The model described in this card segments one or more “person” object within an image and returns a semantic segmentation mask for all people within an image.
PeopleSemSegFormer is based on SegFormer. Segformer is a real-time state of the art transformer based semantic segmentation model. SegFormer is a simple, efficient yet powerful semantic segmentation framework which unifies Transformers with lightweight multilayer perception (MLP) decoders. It then predicts a class label for every pixel in the input image.

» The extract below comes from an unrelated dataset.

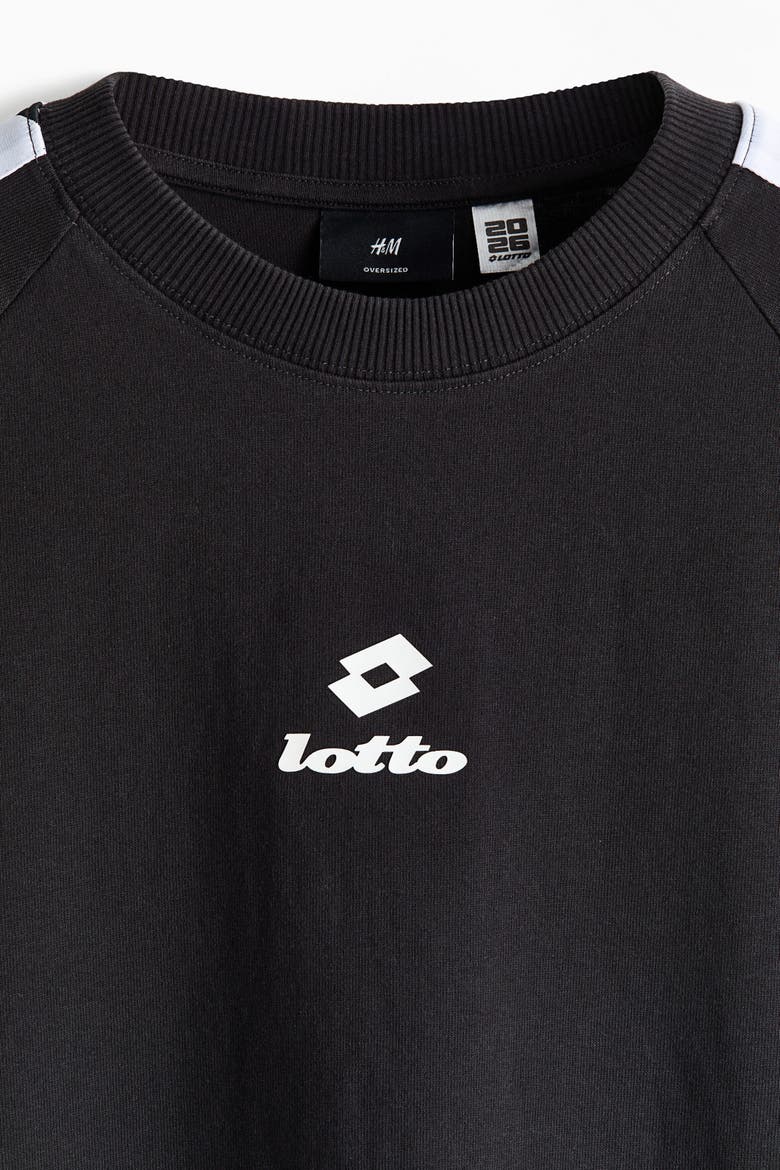 Oversized Fit Cotton T-shirt, Alternate, color, Black/Lotto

![peoplesemsegnet.jpg](https://docscontent.nvidia.com/dims4/default/da8d495/2147483647/strip/true/crop/1200x675+0+0/resize/1200x675!/quality/90/?url=https%3A%2F%2Fk3-prod-nvidia-docs.s3.us-west-2.amazonaws.com%2Fbrightspot%2Fsphinx%2F0000018e-5838-dda8-a78f-d97fcb9b0000%2Ftao%2Ftao-toolkit-archive%2F5.2.0%2F_images%2Fpeoplesemsegnet.jpg)
PeopleSemSegNet use case
The training algorithm optimizes the network to minimize the cross-entropy loss for every pixel of the mask.

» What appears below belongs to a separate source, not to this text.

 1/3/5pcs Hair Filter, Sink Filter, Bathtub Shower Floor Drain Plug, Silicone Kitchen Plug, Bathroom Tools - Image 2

The primary use case intended for the model is segmenting urban city classes in a color (RGB) image. The model can be used to segment urban city transport/ setting from photos and videos by using appropriate video or image decoding and pre-processing. Note this model performs semantic segmentation and not instance based segmentation.
The datasheet for the model is captured in the model card hosted at NGC.